What is being asked: Beginning at the line that contains "Anna personalised engraved bangle" and finishing at the line that contains "สร้อยข้อมือหินไหมดำ+ไพไรต์", output the data below exactly. Include both end lines and no pictures.

Material for the task:
= Beginning of Section =

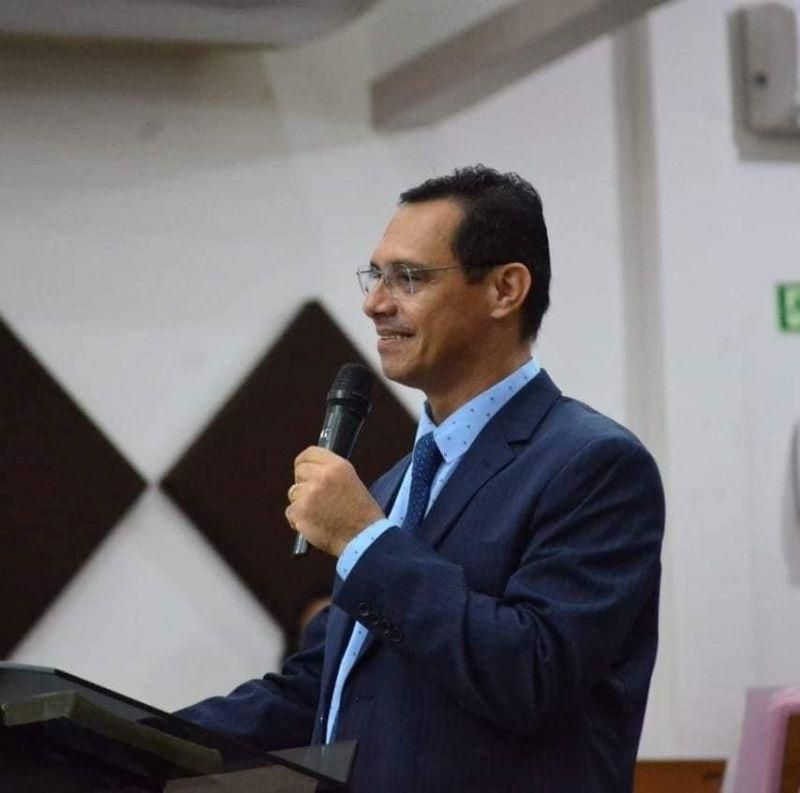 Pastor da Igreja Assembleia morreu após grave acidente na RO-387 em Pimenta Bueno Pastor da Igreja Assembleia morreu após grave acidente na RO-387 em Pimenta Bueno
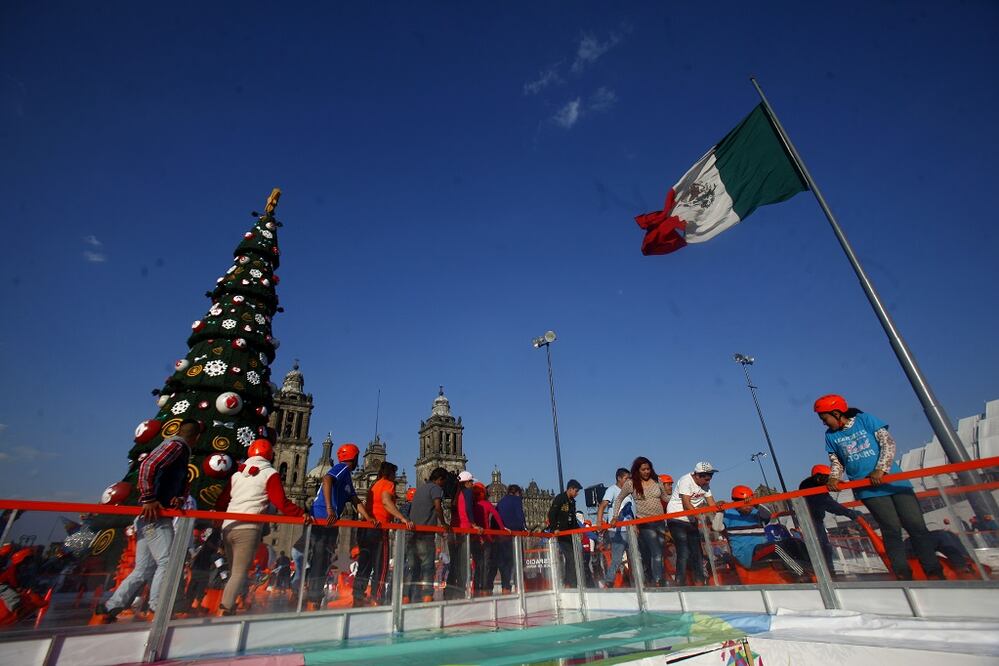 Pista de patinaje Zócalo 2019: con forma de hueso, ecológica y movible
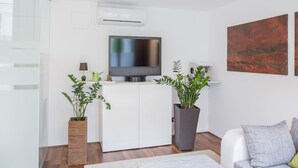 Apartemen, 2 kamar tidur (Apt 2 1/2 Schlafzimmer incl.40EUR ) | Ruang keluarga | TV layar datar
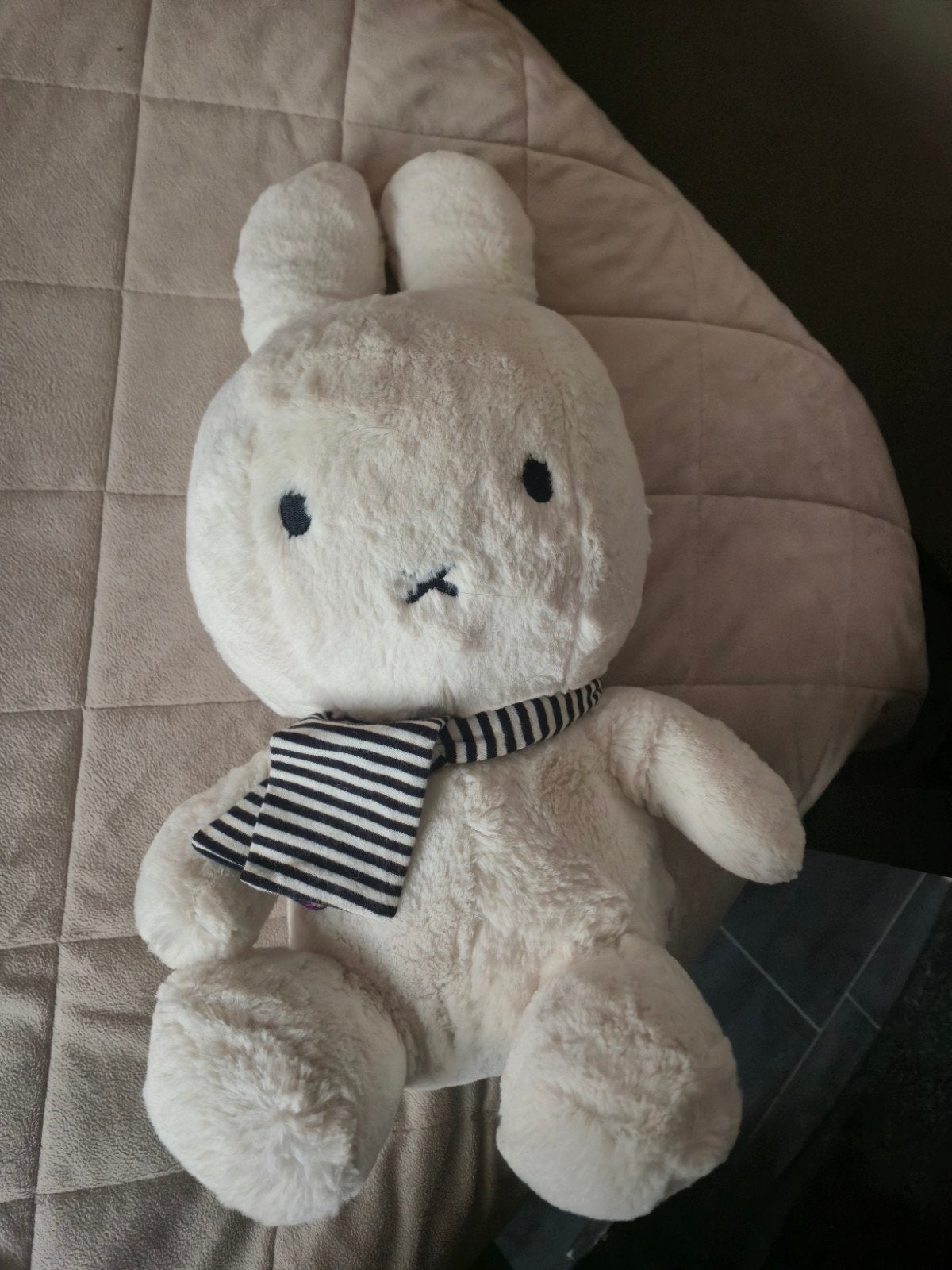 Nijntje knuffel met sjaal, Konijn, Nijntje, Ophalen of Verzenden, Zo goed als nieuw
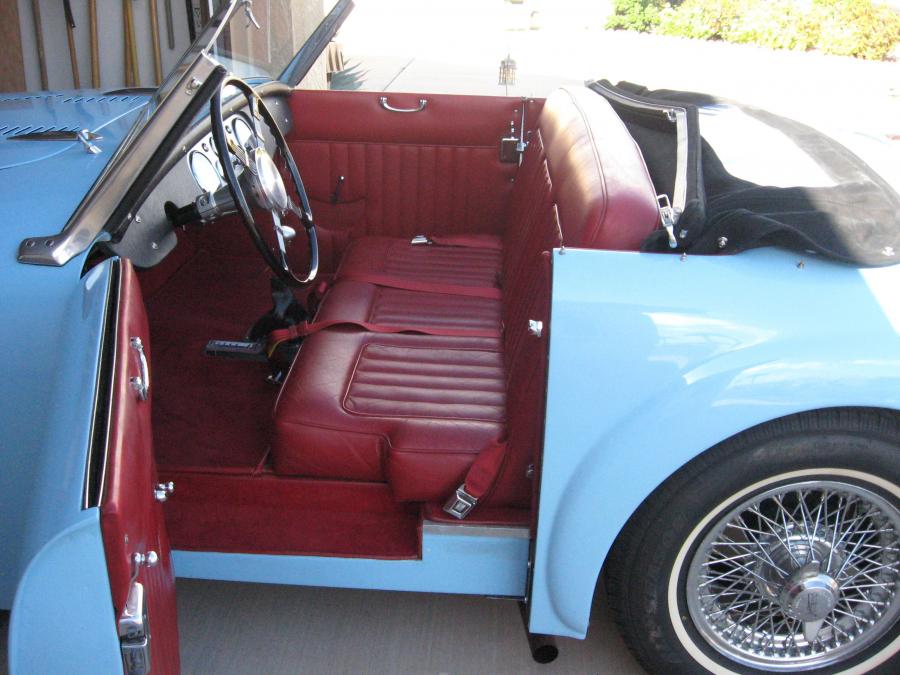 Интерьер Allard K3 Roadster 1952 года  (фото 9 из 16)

= End of Section =
= Beginning of Section =

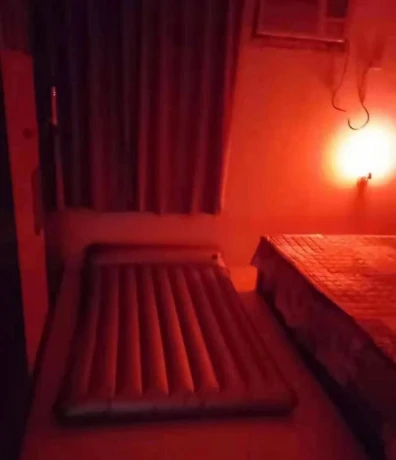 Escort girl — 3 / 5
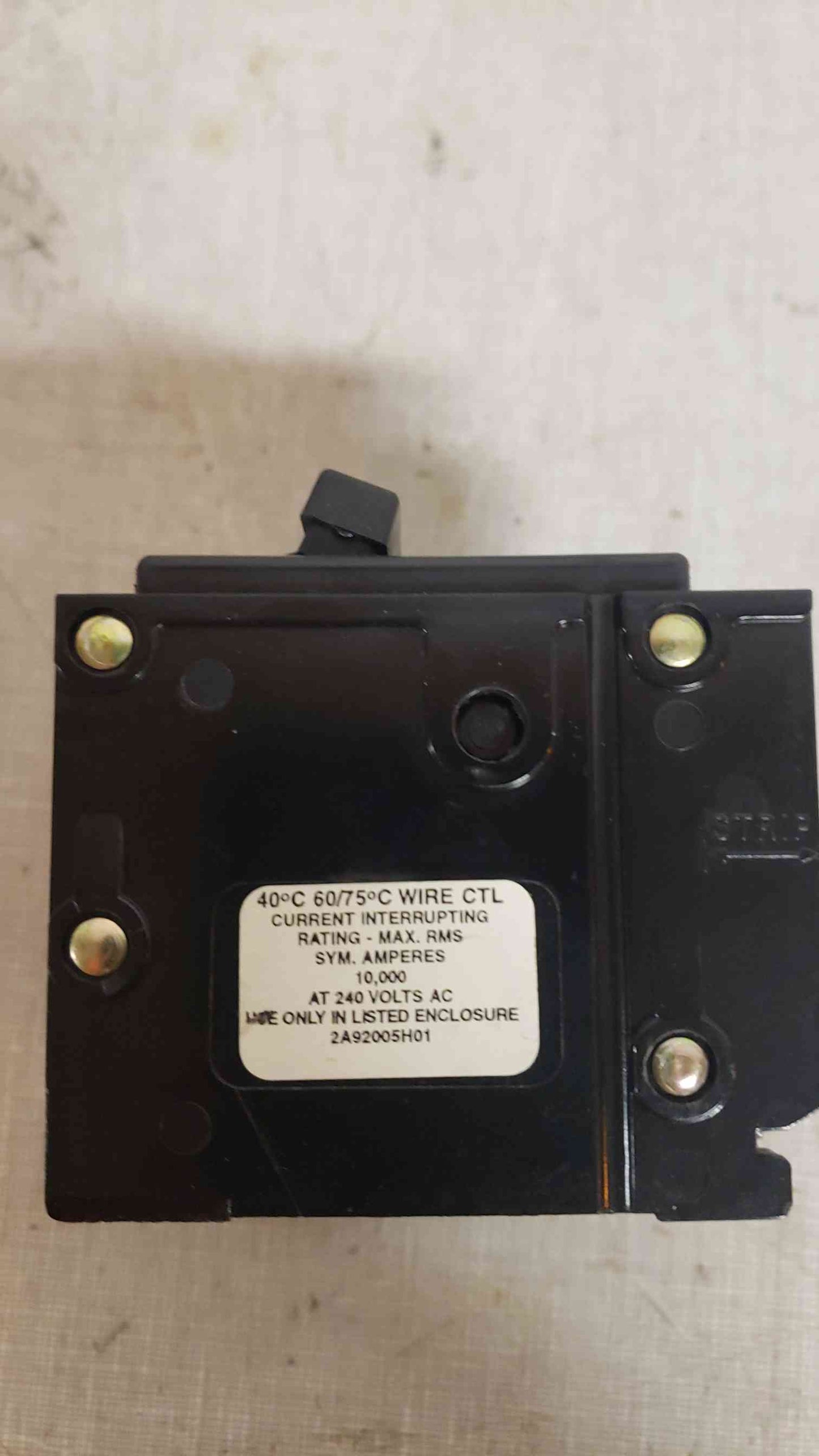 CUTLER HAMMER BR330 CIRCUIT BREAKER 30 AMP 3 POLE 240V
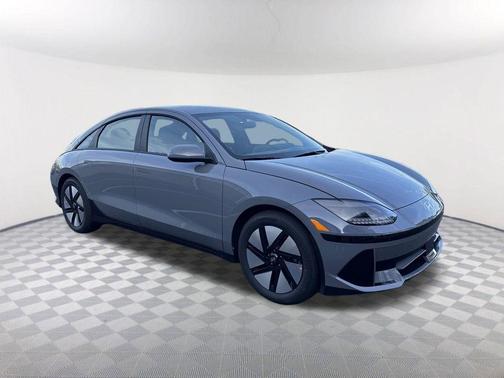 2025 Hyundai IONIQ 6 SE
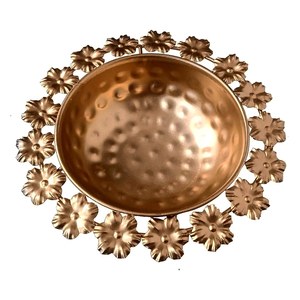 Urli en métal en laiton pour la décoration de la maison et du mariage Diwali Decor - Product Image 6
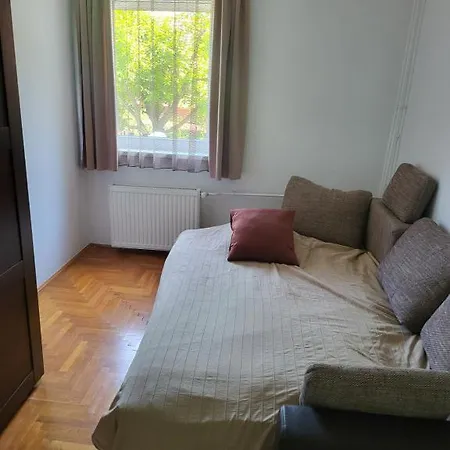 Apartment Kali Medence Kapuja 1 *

= End of Section =
= Beginning of Section =

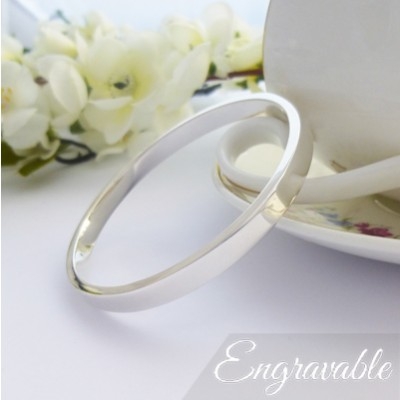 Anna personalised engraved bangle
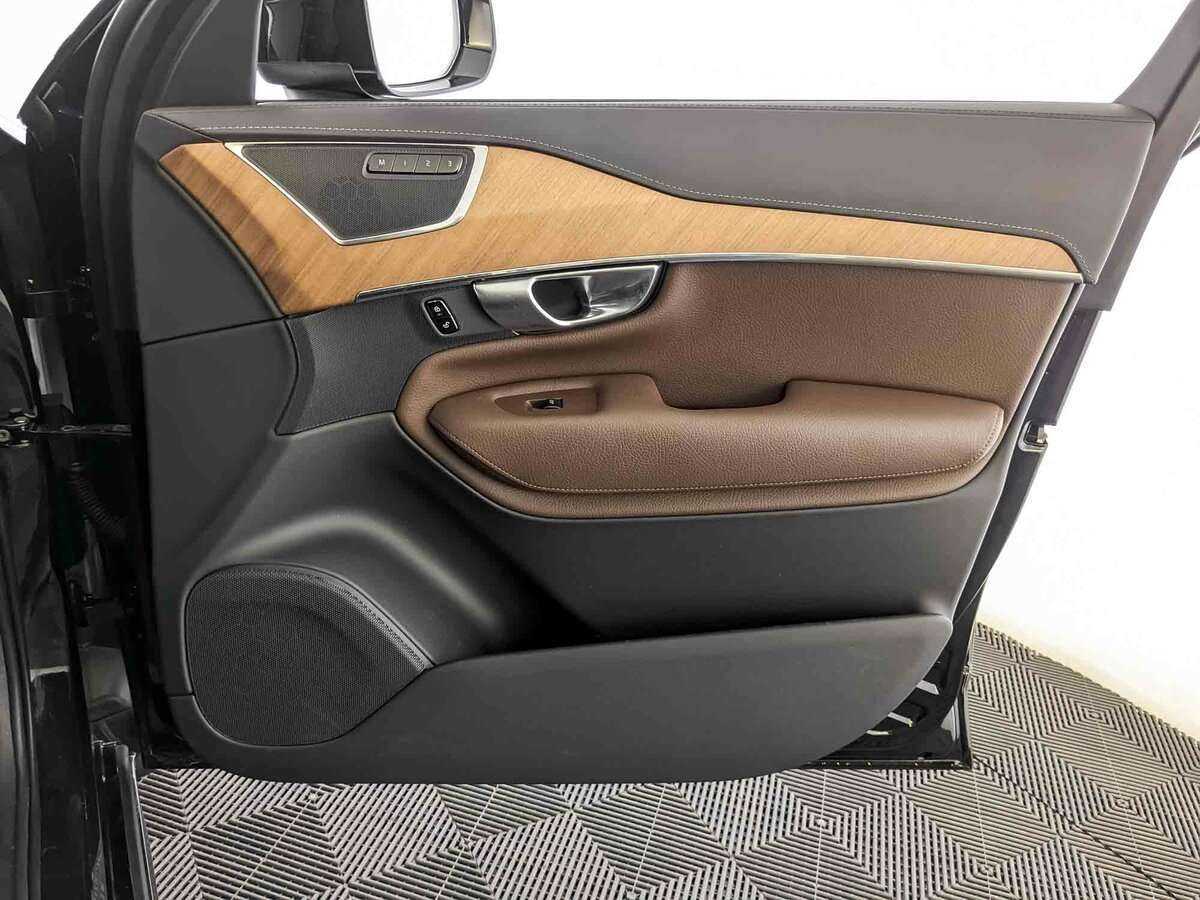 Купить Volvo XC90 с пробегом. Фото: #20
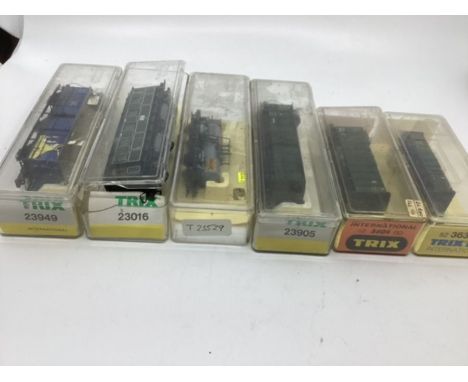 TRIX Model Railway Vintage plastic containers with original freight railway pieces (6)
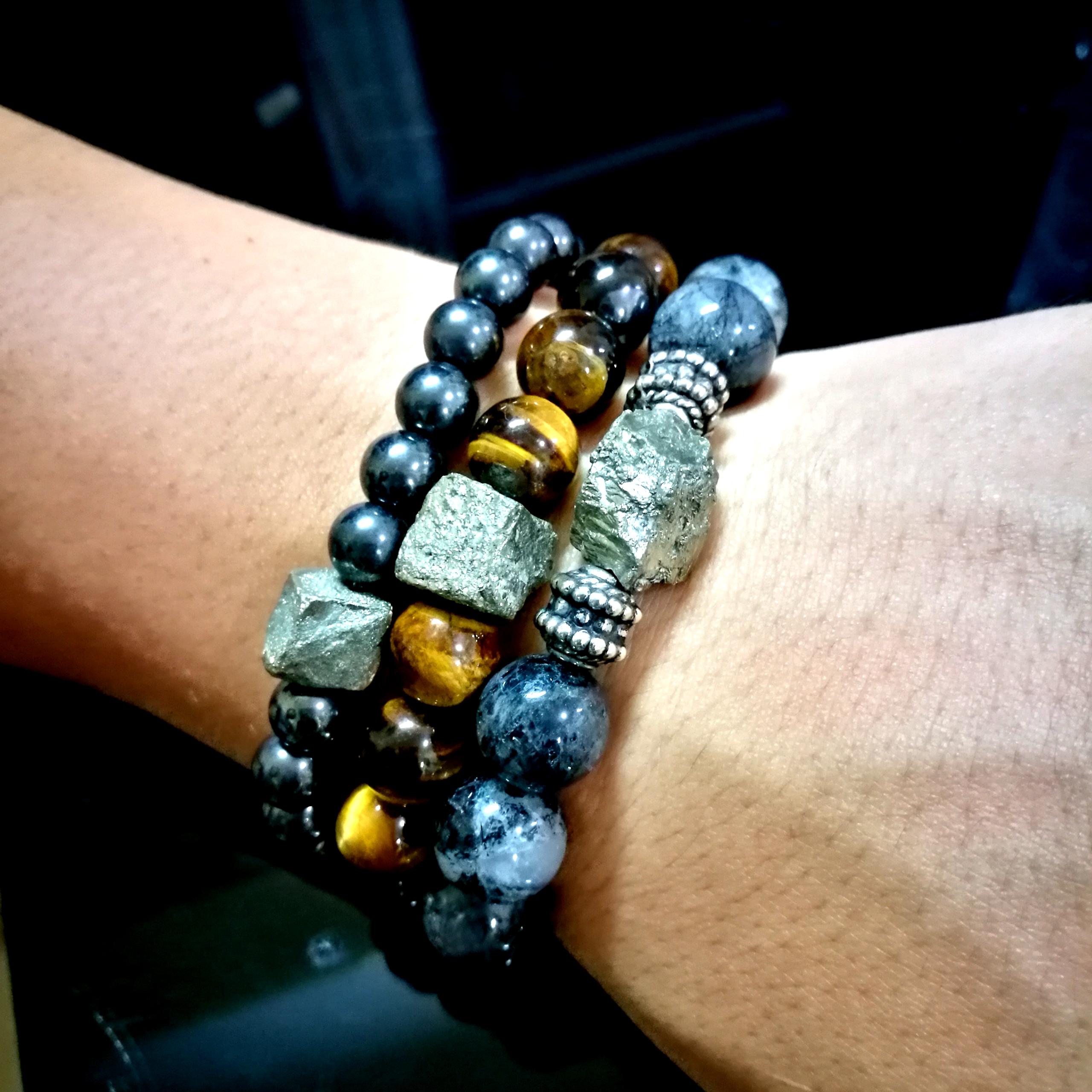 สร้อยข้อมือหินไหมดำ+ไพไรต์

= End of Section =

Answer to the exercise:
 Anna personalised engraved bangle
 Купить Volvo XC90 с пробегом. Фото: #20
 TRIX Model Railway Vintage plastic containers with original freight railway pieces (6)
 สร้อยข้อมือหินไหมดำ+ไพไรต์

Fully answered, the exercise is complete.